Ditilik dari kacamata ‘kekininan’ acara perkawinan seorang bernama Bagus Kodok Ibnu Sukodok dengan Setyowati yang adalah makhluk tak kasat mata tentu sesuatu yang janggal, tapi bagiku ini justru menarik, semenarik dan seunik karya seni kejadian Mas Bram sebelumnya, Membanting Macan Kerah yang digelar awal 2012 silam dan pernah pula kutulis di sini.
Dua hari setelah acara dilangsungkan, aku menghubunginya lewat jendela percakapan Facebook untuk mewawancarainya.
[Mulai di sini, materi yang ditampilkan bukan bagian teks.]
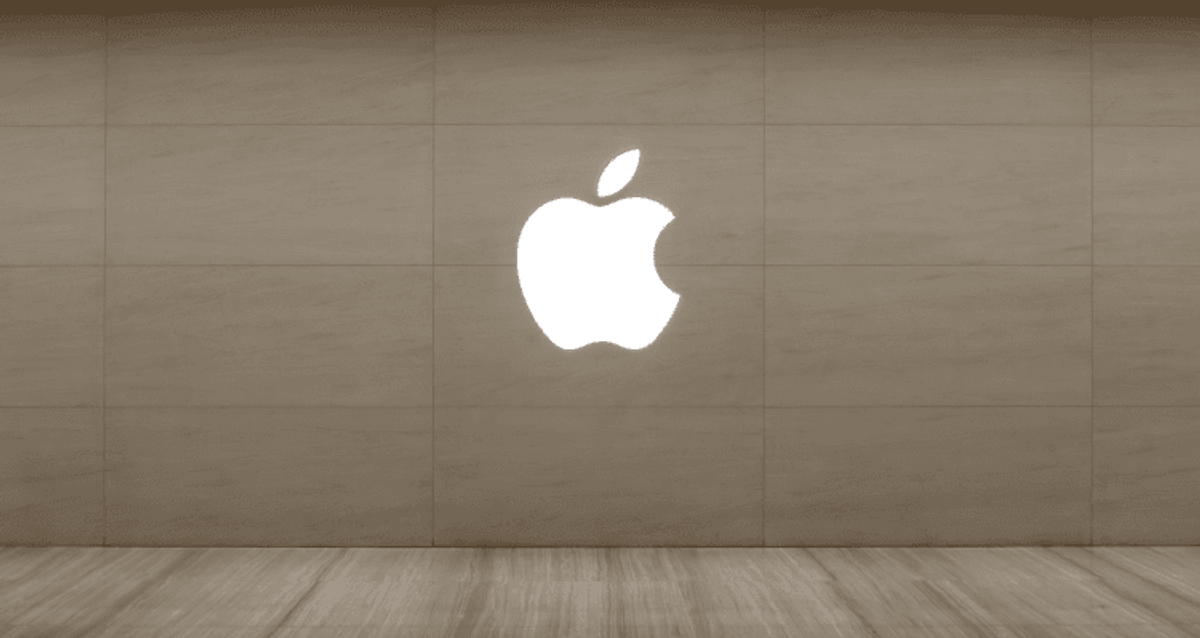Apple logo on a wooden wall background.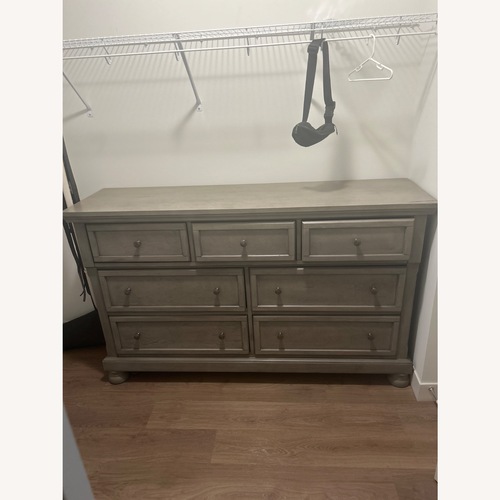 Used Ashley Furniture Lettner Light Gray Wood Dresser for sale on AptDeco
Jalannya obrolan sore itu berlangsung tak kalah menariknya dengan acara itu sendiri karena aku mengutarakan pertanyaan-pertanyaan yang mungkin luput ditulis dan ditanyakan wartawan-wartawan dari mainstream media minggu lalu.
Meski ini ungkapan subyektif, tentu ini bukan karena kami sama-sama alumni SMA Kolese De Britto (Mas Bram adalah lulusan De Britto tahun 1983, tiga belas tahun di atasku) tapi lebih bagaimana mengelola proses tanya-jawab dari seorang sebrilian Mas Bram dengan cara yang tak kalah briliannya oleh… oleh pemilik blog ini hahaha…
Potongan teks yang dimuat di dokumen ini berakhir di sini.